Prompt compression prevents context-window overflow in long conversations by proactively summarising older messages before they crowd out new context.

When enabled, selectools estimates the token count before each LLM call. If the fill-rate exceeds the configured threshold, older messages are summarised into a single [Compressed context] system message. The most recent turns are always kept verbatim.

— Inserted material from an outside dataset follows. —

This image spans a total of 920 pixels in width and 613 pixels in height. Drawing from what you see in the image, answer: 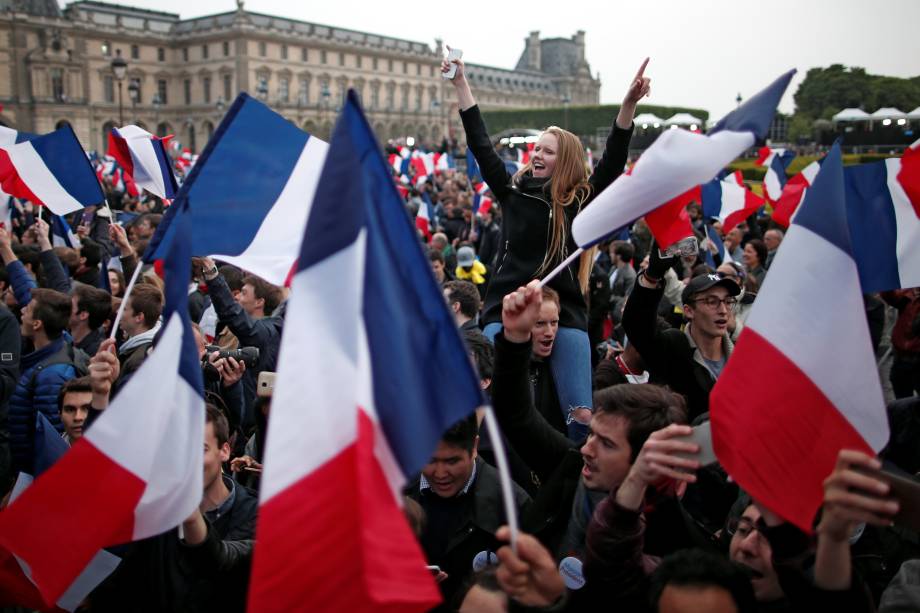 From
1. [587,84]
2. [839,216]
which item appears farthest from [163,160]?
[587,84]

from selectools import Agent, AgentConfig

agent = Agent(
    tools=[...],
    config=AgentConfig(
        compress_context=True,    # enable compression
        compress_threshold=0.75,  # trigger at 75 % context fill
        compress_keep_recent=4,   # always keep last 4 turns verbatim
    ),
)

Quick Start

from selectools import Agent, AgentConfig, Message, Role
from selectools.memory import ConversationMemory

memory = ConversationMemory(max_messages=100)
agent = Agent(
    tools=[...],
    provider=provider,
    memory=memory,
    config=AgentConfig(
        model="gpt-4o-mini",
        compress_context=True,
        compress_threshold=0.75,
    ),
)

# Run many turns — compression fires automatically when context fills up
for i in range(50):
    result = agent.run(f"Tell me about topic {i}.")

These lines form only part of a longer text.